Please note: this case begins in mid-page. It therefore shares a citation with the last page of the previous case. If you are attempting to follow a link to the last page of 227 U.S. 456, click here.

Wells, Fargo & Company v. Nieman-Marcus Company


No. 29


Argued November 5, 1912
Decided February 24, 1913
227 U.S. 469

ERROR TO THE COURT OF CIVIL APPEALS FOR THE FIFTH
SUPREME JUDICIAL DISTRICT OF THE STATE OF TEXAS

Syllabus

Whether void or not under the state statute, a provision in an express receipt limiting recovery in case of loss or negligence is valid as to interstate shipment under the Carmack Amendment if fairly made for the purpose of applying to the shipment the lower of two rates based upon valuation. Adams Express Co. v. Croninger, 226 U.S. 491.

A statement filed in the case that a clause in a contract is void under a statute is a concession for purposes of argument as to a matter of law, and cannot conclude anyone, as it does not operate to withdraw the contract from the case nor its validity from the court’s consideration.

The reasonable and just consequence of misrepresentation of value to get the lower rate of shipment is not that the shipper recover nothing, but that he is estopped to recover more than the value declared to obtain the rate.

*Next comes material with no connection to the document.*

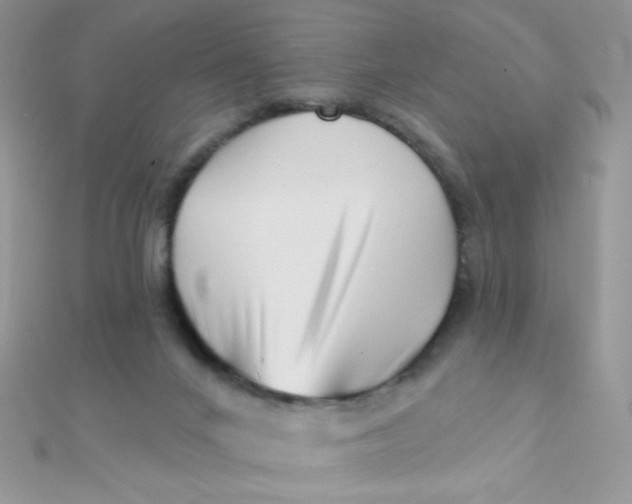 X0000112390024200909032023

A shipper, by accepting a receipt reciting that the carrier is not to be held liable beyond a specified amount at which the property is thereby valued unless a different value than that is so stated, and thus obtaining a lower rate than that which he would have been obliged to pay had he declared the full value, declares and represents that the value does not exceed the specified amount.

There is no substantial distinction between a value stated on inquiry and one agreed upon or declared voluntarily.

The facts, which involve the liability of an express company on goods of undeclared value and also the construction of the Carmack Amendment, are stated in the opinion.